As billionaire hedge fund manager Ray Dalio joins a chorus of prominent investors saying it’s time to offload risk, gauges of sentiment show the market is already getting the message.
Investors are no longer serenely sailing from crisis to crisis as politics divides the U.S. at home and isolates it abroad. Volatility is on the rise, bearish options are multiplying and small-cap stocks are tumbling.
Across the equity, bond and currency markets, price fluctuations are climbing. The JPMorgan Global FX Volatility index, the Chicago Board Options Exchange’s VIX Index and the Merrill Lynch Option Volatility Estimate are all trending higher, having hit low points in June, July and August respectively.
Trading of bearish options on the S&P 500 Index jumped to a three-month peak last week, and the ratio of outstanding puts to calls climbed to its highest level since January 2016. Back then, equity losses were accelerating toward a two-year low.
Stocks off record highs and volatility off its lows suggests investors are waking up to market risks, though not necessarily worried about a crash.
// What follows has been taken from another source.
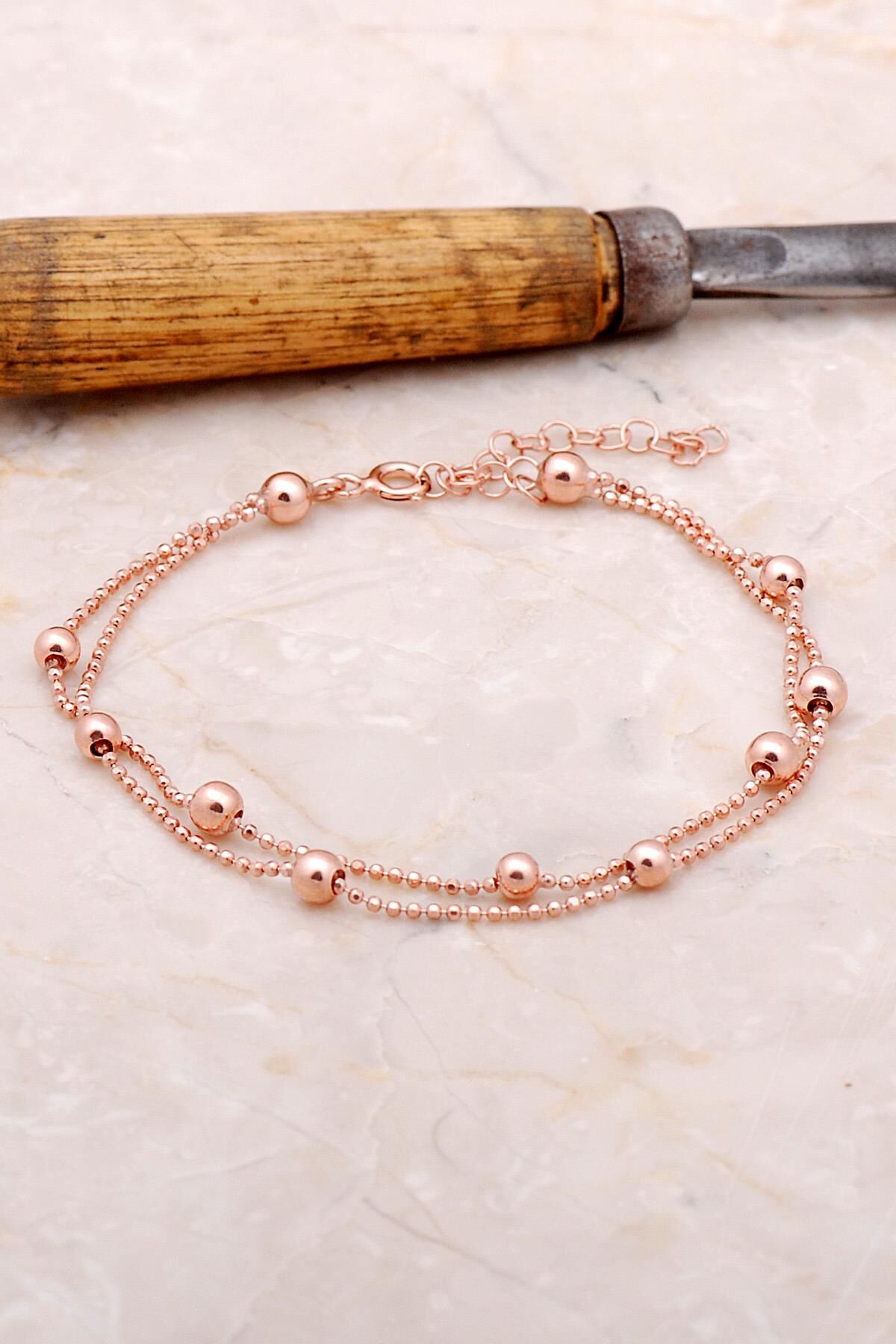 Dorika İki Sıralı Rose 925 Ayar Gümüş Bileklik 3384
The Chicago Board Options Exchange’s SKEW Index, which tracks the cost of protection against large price swings, is trending higher though it remains off the highs seen earlier this year.
The Russell 2000 has fallen for four weeks in a row, and has declined about 7 percent since touching a high in July. Societe Generale SA recommended investors watch this barometer closely for signs of a wider pullback.
However, not all risk indicators are on the rise. The Markit CDX North American High Yield Index, a credit-default swaps benchmark used to hedge against corporate credit losses remains at just over half the level it reached early last year. Back then, oil falling below $30 a barrel and a slowdown in emerging markets added to investors’ concerns about the state of global economy.